This means you should not comment out old code. Just delete it! No code is so precious that you need to keep it commented out (particularly if you are using version control and you can retrieve it in other ways should you need it).

Related to this, if you want to be certain that your code is reproducible, it’s worth deleting all your output, and re-running everything with a fresh session. The first step to knowing if your analysis is reproducible is seeing if you can repeat it yourself!

7.2.0.5 Use code comments effectively

Good code comments are a part of writing good, readable code! Your code is more likely to stand the test of time for longer if others, including yourself in the future, can see what’s happening enough to trust it themselves. This will encourage others to use your code and help you maintain it!

‘Current You’ who is writing your code may know what is happening but ‘Future You’ will have no idea what ‘Current You’ was thinking (Spielman, n.d.):

‘Future You’ comes into existence about one second after you write code, and has no idea what on earth Past You was thinking. Help out ‘Future You’ by adding lots of comments! ‘Future You’ next week thinks Today You is an idiot, and the only way you can convince ‘Future You’ that Today You is reasonably competent is by adding comments in your code explaining why Today You is actually not so bad.

Your code and your understanding of it will fade soon after you write it, leaving your hard work to deprecate. Code that works is a start, but readable AND working code is best!

Comments can help clarify at points where your code might need further explanation. The best code comments explain the why of what you are doing. The act of writing them can also help you think out your thought process and perhaps identify a better solution to the odd parts of your code.

(From Savonen (2021a))

More reading:

7.2.0.6 Use informative variable names

Try to avoid using variable names that have no meaning like tmp or x, or i. Meaningful variable names make your code more readable! Additionally, variable names that are longer than one letter are much easier to search and replace if needed. One letter variables are hard to replace and hard to read. Don’t be afraid of long variable names, they are very unlikely to be confused!

1 Write intention-revealing names.
2 Use consistent notation for naming convention.
3 Use standard terms.
4 Do not number a variable name.
5 When you find another way to name variable, refactor as fast as possible.

(Hobert 2018)

More reading:

7.2.0.7 Follow a code style

Just like when writing doesN”t FoLLOW conv3nTi0Ns OR_sPAcinng 0r sp3llinG, it can be distracting, the same goes for code. Your code may even work all the same, just like you understood what I wrote in that last sentence, but a lack of consistent style can make require more brain power from your readers for them to understand. For reproducibility purposes, readability is important! The easier you can make it on your readers, the more likely they will be able to understand and reproduce the results.

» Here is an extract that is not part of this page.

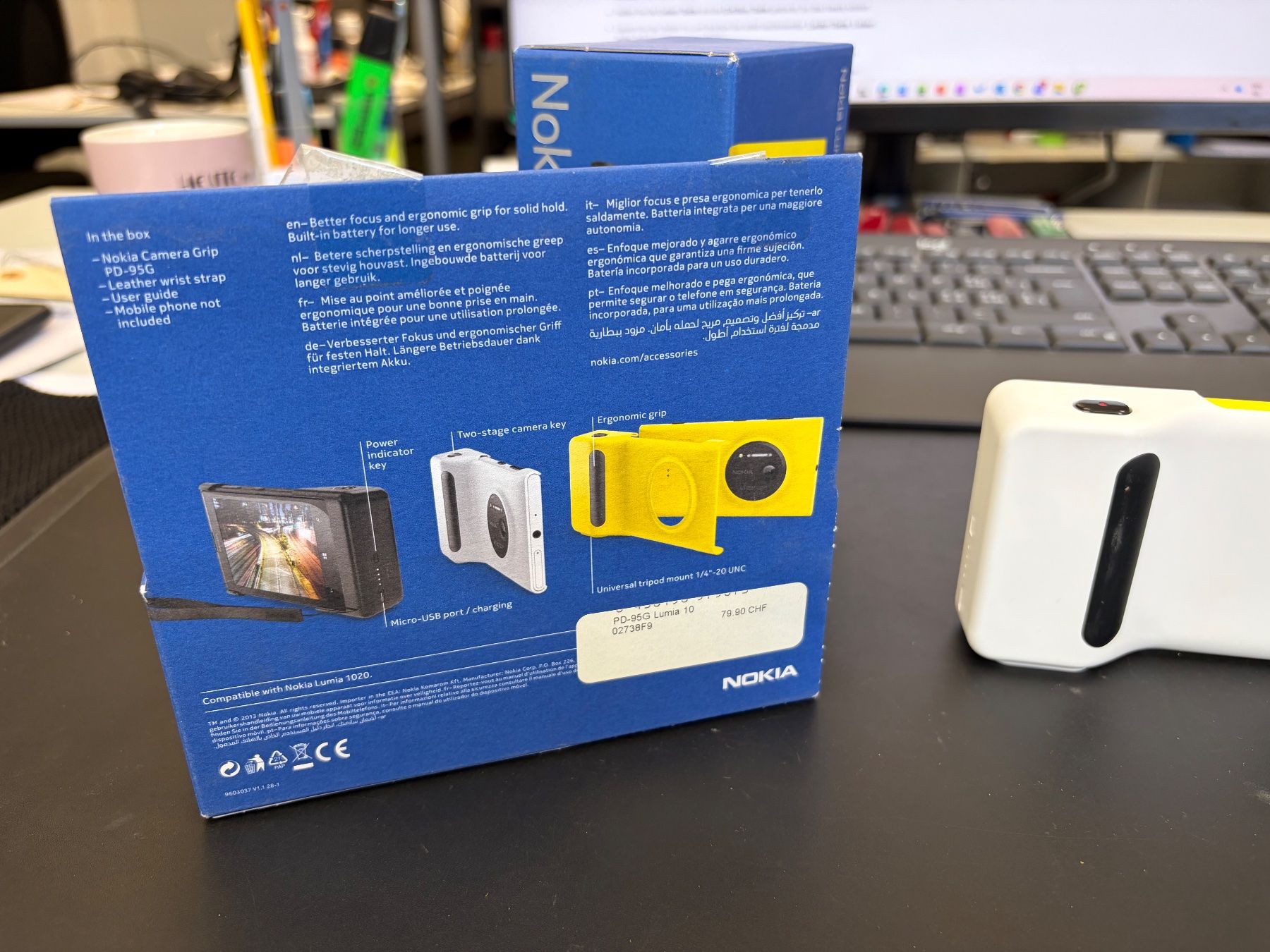 Nokia Handys / Smartphones: Nokia Lumia 1020 + Kamera Grip – Neu (gemäss Beschreibung) aus Aarburg von Wendepunkt_Fundgrube 4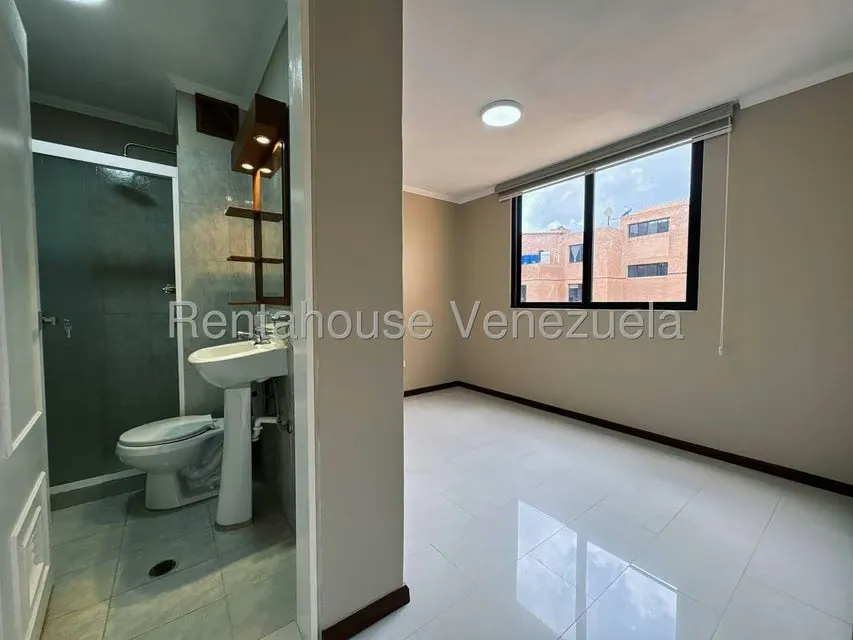 Apartamento (1 Nivel) en Venta en Colinas de La Tahona, Distrito Metropolitano - 7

There are different style guides out there that people adhere to. It doesn’t matter so much which one you choose, so much that you pick one and stick to it for a particular project.

Python style guides:

R style guides:

Although writing code following a style as you are writing is a good practice, we’re all human and that can be tricky to do, so we recommend using an automatic styler on your code to fix up your code for you. For Python code, you can use python black and for R, styler.

7.2.0.8 Organize the structure of your code

Readable code should follow an organized structure. Just like how outlines help the structure of manuscript writing, outlines can also help the organization of code writing.

A tentative outline for a notebook might look like this:

  1. A description of the purpose of the code (in Markdown).
  2. Import the libraries you will need (including sourcing any custom functions).
  3. List any hard-coded variables.
  4. Import data.
  5. Do any data cleaning needed.
  6. The main thing you need to do.
  7. Print out session info.

Note that if your notebook gets too long, you may want to separate out things in their own scripts. Additionally, it’s good practice to keep custom functions in their own file and import them. This allows you to use them elsewhere and also keeps the main part of the analysis cleaner.

7.2.0.9 Set the seed if your analysis has randomness involved

If any randomness is involved in your analysis, you will want to set the seed in order for your results to be reproducible.

In brief, computers don’t actually create numbers randomly they create numbers pseudorandomly. But if you want your results to be reproducible, you should give your computer a seed by which to create random numbers. This will allow anyone who re-runs your analysis to have a positive control and eliminate randomness as a reason the results were not reproducible.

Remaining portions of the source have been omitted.